The BBC reports that a decision will be reached no later than 12 May on whether the US will abandon the nuclear deal and reimpose economic sanctions.

“The decision to leave is pretty much made,” a source familiar with the administration's thinking on Iran told CNN. The source said the administration has “positioned itself that way, but it’s keeping an eye on the possibility of staying should the Europeans be able to extract concessions from Iran [or] somehow pull a rabbit out of the hat”.

US and European negotiators are reportedly working around the clock to agree concessions that would help Trump save face and keep the US in the international pact.

In what appears to be a concerted international diplomatic effort to rescue the deal, Macron will be followed on Friday by German Chancellor Angela Merkel. Britain’s Theresa May is expected to speak to the US President by telephone.

The two other co-signatories, Russia and China, are also pressuring Trump to keep the US in the accord.

Engaging in his own high-level lobbying effort, Iran’s Foreign Minister Mohammed Zarif offered supported to Macron but stressed there was no plan B on the deal and it was “either all or nothing”.

Yesterday, a senior Iranian official said Tehran might pull out of a nuclear non-proliferation treaty if the US scrapped the nuclear accord signed in 2015.

In a separate address, Iranian President Hassan Rouhani also warned Trump to stay in the nuclear deal or face “severe consequences”.

“I am telling those in the White House that if they do not live up to their commitments... the Iranian government will firmly react,” Rouhani said. Last week, Iran said it was willing to ramp up its nuclear programme if the deal collapses.

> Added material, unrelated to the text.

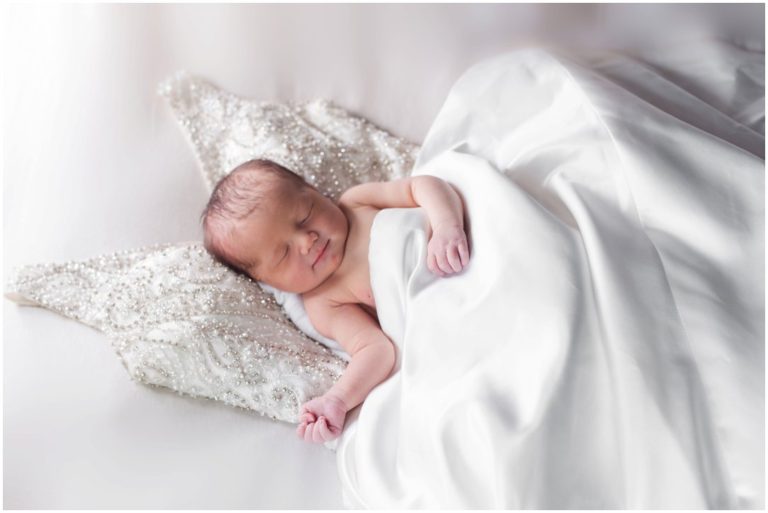 newborn on mom's wedding dress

Despite the tough rhetoric, CNN says, “it is not clear what Iran would do if the US leaves the deal”. If Iran responds by walking away, it “puts them on a confrontation path with the United States and the Europeans at a time when they’re pretty stretched thin in the region, and in the socioeconomic protests that continue to bubble up throughout the country”, Firas Maksad, director of the Arabia Foundation, told the broadcaster.

One possibility, Maksad said, is that Iran responds with asymmetric attacks targeting US interests in the region: US troops in Iraq, special forces in Syria, diplomats and diplomatic facilities across the Middle East.

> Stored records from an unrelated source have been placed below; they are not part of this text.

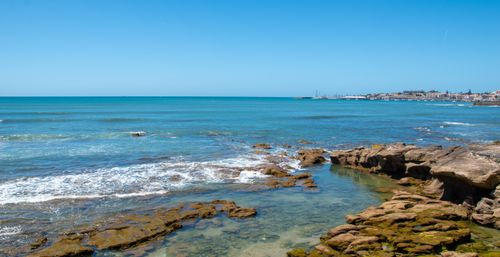 Free Capture of the rocky coastline in Cascais, Portugal, featuring clear blue waters and a bright sky. Stock Photo
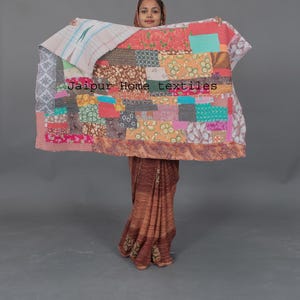 Puede incluir: Una colcha de retazos colorida con una variedad de telas y patrones. La colcha está sostenida por una persona que lleva un sari con estampado marrón y blanco. El texto "Jaipur Home textiles" es visible en la colcha.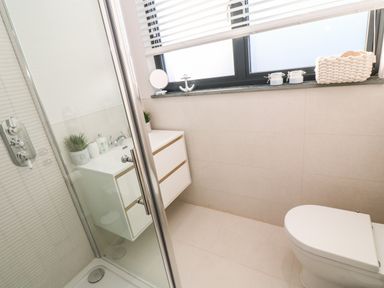 A bathroom with a shower enclosure a white vanity unit a toilet and a window with blinds at Driftwood Haven in Carbis Bay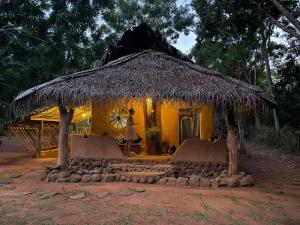 a woman standing in front of a hut at Glimra eco lodge in Hambegamuwa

Oil hits three-year high on fears of Iranian sanctions

The prospect of new US sanctions has sent the price of oil skyrocketing to a three-and-a-half year high.

Six days of consecutive price rises saw Brent crude jump to more than $75 dollars a barrel for the first time since 2015.

Oil prices have been steadily rising since hitting a low of $40 in early 2016, driven mainly by the decision by the world’s biggest oil producers, including Opec and Russia, to restrict output last year.

A move by the US to withdraw from the Iran deal and reimpose sanctions on the third-biggest oil producer in the Opec cartel “threatens to further tighten global supplies”, says the BBC.